PROBLEM TO SOLVE >>
In the entries below, find the line with "ZUIHAO ركن قهوة" and the line with "Sailcloth Hybrid Quick-Release"; give again those lines and every line between them, exactly.

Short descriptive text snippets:

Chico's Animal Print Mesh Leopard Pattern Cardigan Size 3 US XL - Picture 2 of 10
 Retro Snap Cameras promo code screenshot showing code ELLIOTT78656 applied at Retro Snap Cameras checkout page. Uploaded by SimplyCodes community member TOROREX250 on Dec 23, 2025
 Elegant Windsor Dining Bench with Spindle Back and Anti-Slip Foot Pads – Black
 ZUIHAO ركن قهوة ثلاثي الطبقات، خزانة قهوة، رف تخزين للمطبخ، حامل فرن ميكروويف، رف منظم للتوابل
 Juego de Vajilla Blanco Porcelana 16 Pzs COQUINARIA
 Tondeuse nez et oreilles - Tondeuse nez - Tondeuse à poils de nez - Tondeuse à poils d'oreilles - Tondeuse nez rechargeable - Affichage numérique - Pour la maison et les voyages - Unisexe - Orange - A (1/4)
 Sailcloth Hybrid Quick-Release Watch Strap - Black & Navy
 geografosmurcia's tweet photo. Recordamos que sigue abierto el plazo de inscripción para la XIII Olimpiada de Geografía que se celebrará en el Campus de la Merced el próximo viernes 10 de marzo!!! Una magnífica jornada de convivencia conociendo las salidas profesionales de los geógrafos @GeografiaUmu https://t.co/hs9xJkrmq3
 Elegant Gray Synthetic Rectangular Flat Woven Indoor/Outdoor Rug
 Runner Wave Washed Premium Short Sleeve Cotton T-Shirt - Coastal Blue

SOLVED EXERCISE >>
 ZUIHAO ركن قهوة ثلاثي الطبقات، خزانة قهوة، رف تخزين للمطبخ، حامل فرن ميكروويف، رف منظم للتوابل
 Juego de Vajilla Blanco Porcelana 16 Pzs COQUINARIA
 Tondeuse nez et oreilles - Tondeuse nez - Tondeuse à poils de nez - Tondeuse à poils d'oreilles - Tondeuse nez rechargeable - Affichage numérique - Pour la maison et les voyages - Unisexe - Orange - A (1/4)
 Sailcloth Hybrid Quick-Release Watch Strap - Black & Navy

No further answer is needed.